Bob Marley enigmas & two new movies
Kevin MacDonald’s Marley (2012) and Esther Anderson & Gian Godoy’s Bob Marley: The making of a legend (2011) don’t really add a lot of new material to the Marley story, I imagine (speaking as an observant fan rather than an informed Marley-sleuth). But the passage of time and advances in two debates – about race and about globalisation – make it easier to discuss the sorts of things which have always lain a little beneath the surface in discussing the man. They would also have forced or encouraged change in Bob Marley himself.
Nothing I learn about Bob Marley diminishes my pleasure in his music (as I have tried to describe before here). More surprisingly, perhaps, nothing I learn makes me feel less confident that he was a remarkable man, and probably a sort of spiritual figure. I suppose the long and short of it is that I am pretty sure he was always interesting and would have become more and more so had he lived.
From my recollections of a brief conversation with him, I am confident that Marley was capable of accepting that Marcus Garvey was not an amazingly useful figure and that Haile Selassie may have been interesting or admirable but was hardly likely to be somehow divine. I know next to no Jamaican history or sociology and yet I feel able to doubt that Rastafarianism was a terrifically useful creed. (Kevin MacDonald’s film includes one intriguing passage in which Chris Blackwell, Marley’s most important mentor, implies that Rastafarian doctrines proved hazardous to Marley’s health.)
All in all, I wonder what Bob Marley would have become had he lived.
As a middle-aged man, would he have been able to sustain the promotion of ganga? Would he have remained committed to the idea that the white world was Babylon? I wonder too how Marley would have responded to the rap and hip-hop movements with their messages of black supremacy, alienation and entitlement and their call to separateness and violence.
My feeling is that Bob Marley was already, towards the end, aware of the contradictions in his life and thought and would have addressed them, perhaps really well.
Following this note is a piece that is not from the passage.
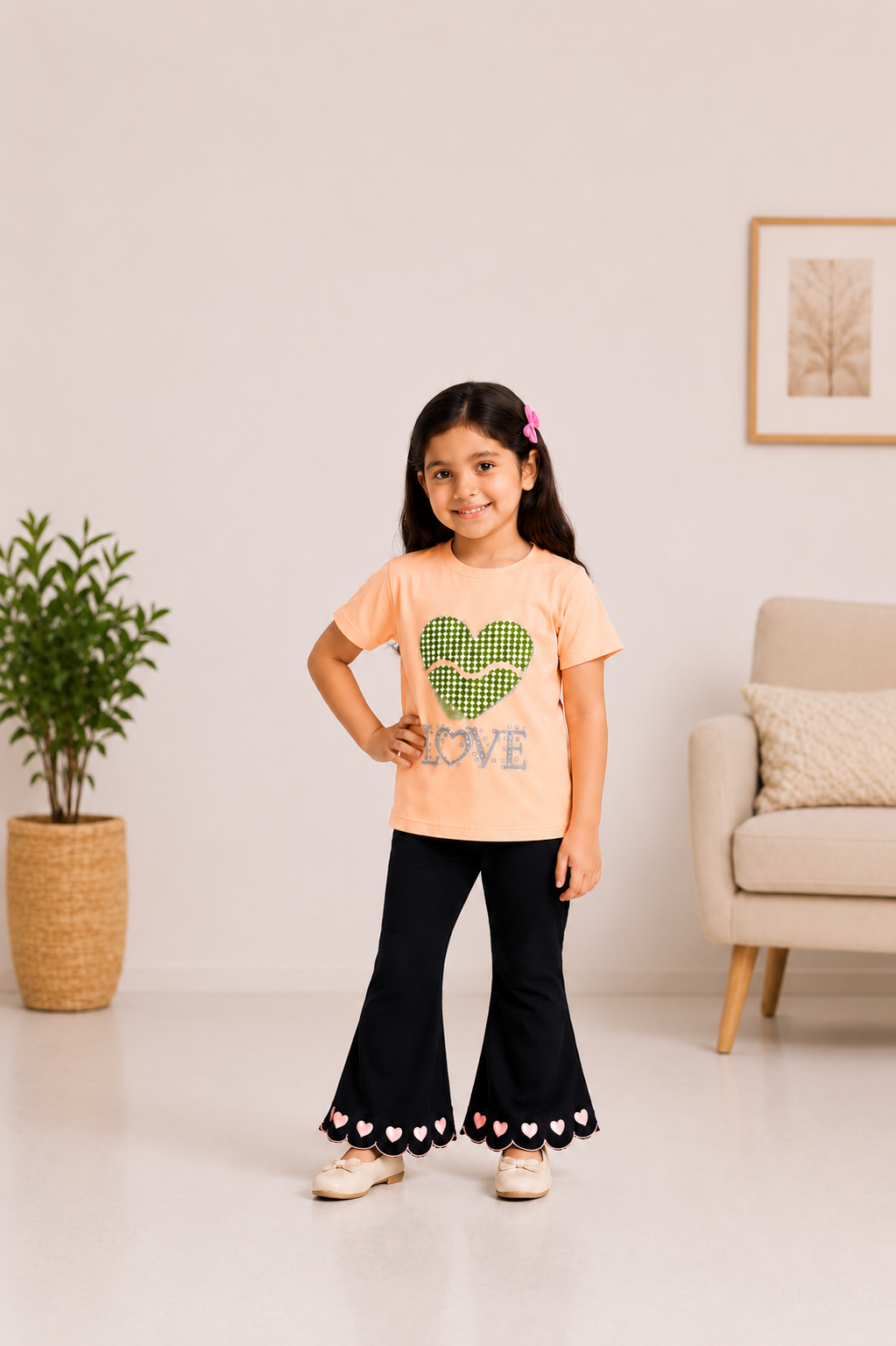 Girls Peach Heart Graphic T-Shirt & Black Heart Bell Bottom Pants 2-Piece Co-Ord Set | Casual Kids Outfit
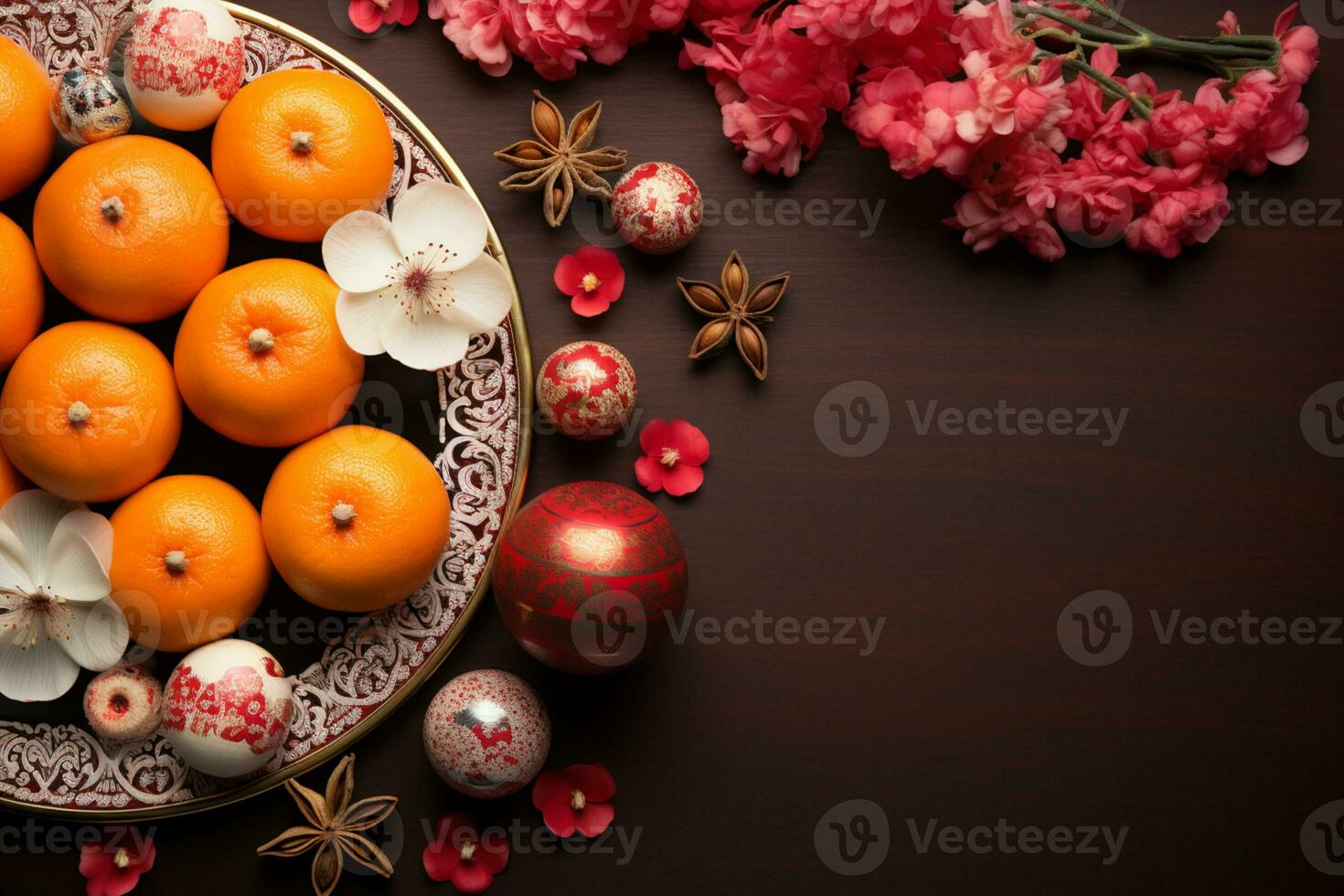 Chinese New Year decoration with Copy space for text, AI generated photo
The two newish films reinforce the crucial ways in which Marley’s world – the Jamaican world in general and his in particular – was richly complex. The essence of this is that Marley began his career riffing on the iniquity of slavery but actually himself benefitted from, depended on and was an exemplar of, the hybrid vigour of an island where globalisation’s collisions were all around. Marley wanted global success and he knew – probably from the start – that he needed the help of people who understood – were from – the very Babylon he was railing against. Esther Anderson was one such and so, of course, was Chris Blackwell. Both were authentically Jamaican, and neither were of slave lineage – indeed, one supposes they came from the island’s upper classes. Marley came from the class of exploiters and exploited – to use a horribly simple way of putting it. He was clear that he was comfortable with that confluence, but it is also clear that he hadn’t really worked out what it meant intellectually – except perhaps in his very, very important willingness to appeal to all. After all, his musical appeal and I would say his spiritual reach were cosmopolitan and therefore not ethnic, exclusive or cultish.
It’s a small, elegant, counter-intuitive footnote to the whole reggae story that a white Roman Catholic nun, Sister Mary Ignatius Davies, was invaluable in enthusing several tyro reggae stars and Marley collaborators (though not, directly, Bob Marley himself): I always love it when white Roman Catholic Europeans turn out to have been useful to indigenous people (see, for instance, the missionaries referred to the film, Lucky Lady).
To his consternation (it is often noted), his years of success took Marley further and further from black audiences. The admiration he garnered from white audiences, even if they were imagining themselves as liberationists, would surely, sooner or later, have melded with other facts about his life to make him come out of the ghetto. The world stage he craved and achieved would have been a very weird pulpit from which to expound the sort of victimhood which is seldom liberating. Would he have been thrilled to see the use of patois – the language of his psalmody – hobbling generation after generation of African-Americans?
Of course we can’t be sure. Bob Marley might have continued to inhabit a simplistic political and cultural parallel universe. He had already turned it into wonderful sounds and songs, and they were and remain convincing, just as David’s psalms remain marvellous now, even for religious sceptics who may also reject the Biblical account of Jewish history.
I prefer to think that Bob Marley would have blossomed in more interesting and sophisticated ways.